Black or African American: A person having origins in any of the black racial groups of Africa.
Native Hawaiian or Other Pacific Islander: A person having origins in any of the original peoples of Hawaii, Guam, Samoa, or other Pacific Islands.
White: A person having origins in any of the original peoples of Europe, the Middle East, or North Africa.
Hispanic or Latino: A person of Mexican, Puerto Rican, Cuban, South or Central American, or other Spanish culture or origin, regardless of race.

Within these indicators, some of the category labels have been shortened in the text, tables, and figures for ease of reference. American Indian or Alaska Native is denoted as American Indian/Alaska Native (except when separate estimates are available for American Indians alone or Alaska Natives alone); Black or African American is shortened to Black; and Hispanic or Latino is shortened to Hispanic. Native Hawaiian or Other Pacific Islander is shortened to Pacific Islander.

The indicators in this report draw from a number of different data sources, and some indicators include data collected prior to the adoption of the OMB standards. This report focuses on the six categories that are the most common among the various data sources used: White, Black, Hispanic, Asian, Pacific Islander, and American Indian/Alaska Native. Asians and Pacific Islanders are combined into one category in indicators for which the data were not collected separately for the two groups.

Surveys from which data are presented in these indicators generally give respondents the option of selecting either an “other” race category, a “Two or more races” or “multiracial” category, or both. Where possible, indicators present data on the “Two or more races” category; however, in some cases this category may not be separately shown because the information was not collected or due to other data issues. In general, the “other” category is not separately shown. Any comparisons made between persons of one racial/ethnic group to “all other racial/ethnic groups” include only the racial/ethnic groups shown in the indicator. In the earlier administrations of some surveys prior to the implementation of the OMB guidelines, respondents were not given the option to select more than one race. In these surveys, respondents of Two or more races must select a single race category. Any comparisons between data from surveys that give the option to select more than one race and surveys that do not offer such an option should take into account the fact that there is a potential for bias if members of one racial group are more likely than members of the others to identify themselves as “Two or more races.”¹

Locale

Federal departments and agencies use various classification systems to define community types.

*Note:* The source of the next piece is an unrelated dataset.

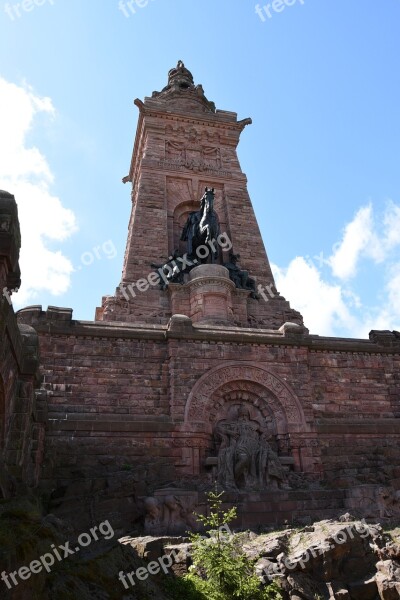 Barbarossa Monument Monument Blue Sky Sky Blue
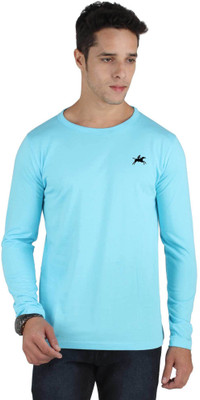 

SayItLoud Printed Men' Round Neck Blue T-Shirt, Sky blue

Indicators in this report use the National Center for Education Statistics (NCES) system of locale codes. These locale codes are based on an address’s proximity to an urbanized area.

City: Territory inside an urbanized area and inside a principal city.
Suburb: Territory outside a principal city and inside an urbanized area.
Town: Territory inside an urban cluster.
Rural: Census-defined rural territory that is apart from an urbanized area or an urban cluster.

Symbols

In accordance with the NCES Statistical Standards, many tables in this report use a series of symbols to alert the reader to special statistical notes. These symbols, and their meanings, are as follows:

— Not available.
† Not applicable.
# Rounds to zero.
! Interpret data with caution. The coefficient of variation (CV) for this estimate is between 30 and 50 percent.
‡ Reporting standards not met. Either there are too few cases for a reliable estimate or the coefficient of variation (CV) for this estimate is 50 percent or greater.

¹ Such bias was found by a National Center for Health Statistics study that examined race/ethnicity responses to the 2000 Census. This study found, for example, that as the percentage of multiple-race respondents in a county increased, the likelihood of respondents stating Black as their primary race increased among Black/White respondents but decreased among American Indian or Alaska Native/Black respondents.